4 espécies animais que existem apenas na Amazônia e estão em risco de extinção
12 de fevereiro de 2026
A Amazônia abriga uma das maiores biodiversidades do planeta, com espécies encontradas em nenhum outro lugar do mundo. No entanto, esse patrimônio natural enfrenta ameaças crescentes que colocam animais únicos à beira da extinção.
Entre os principais fatores de risco estão o desmatamento acelerado, a expansão das fronteiras agrícolas, a mineração ilegal e a poluição dos rios. Essas atividades reduzem habitats, contaminam recursos naturais e afetam diretamente a sobrevivência da vida selvagem amazônica.
Dados recentes destacam a gravidade da situação. O Relatório Living Planet 2024 do WWF mostra uma queda média de 73% nas populações de animais monitoradas globalmente entre 1970 e 2020, indicando um colapso progressivo dos ecossistemas.
Na Amazônia, os efeitos dessas pressões são ainda mais severos.

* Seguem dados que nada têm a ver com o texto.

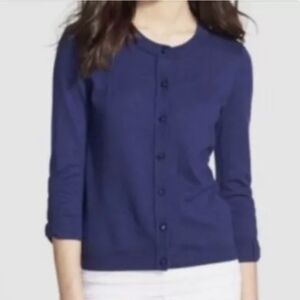 Kate Spade New York Live Colorfully Blue Bows Button Front Cardigan Sweater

A fragmentação florestal e a degradação dos rios comprometem cadeias alimentares inteiras, afetando espécies que dependem de ambientes intactos para se reproduzir e se alimentar.
Entre os animais mais ameaçados está o peixe-boi amazônico, o menor de sua família. Exclusivo de habitats de água doce, sofre de caça ilegal, poluição e envolvimento em redes de pesca.
Outro símbolo da floresta é a lontra gigante, também conhecida como ariranha. Social e carnívoro, é classificado como ameaçado devido à contaminação por mercúrio, principalmente devido a atividades de mineração, bem como à sobrepesca.
O macaco-saki-de-face-branca, limitado a áreas de Mato Grosso e Pará, enfrenta rápida perda de habitat. O desmatamento reduz seu território e dificulta a reprodução, colocando a espécie em risco iminente.
O golfinho rosa do rio, um ícone do folclore amazônico, sofre com a poluição dos rios, barragens hidrelétricas e a sobrepesca. A contaminação por mercúrio afeta sua saúde e capacidade reprodutiva.
Especialistas alertam que preservar essas espécies é essencial para o equilíbrio ecológico do bioma. Sem políticas eficazes de conservação, fiscalização ambiental e restauração de áreas degradadas, a Amazônia poderia perder irreversivelmente parte de sua fauna mais emblemática.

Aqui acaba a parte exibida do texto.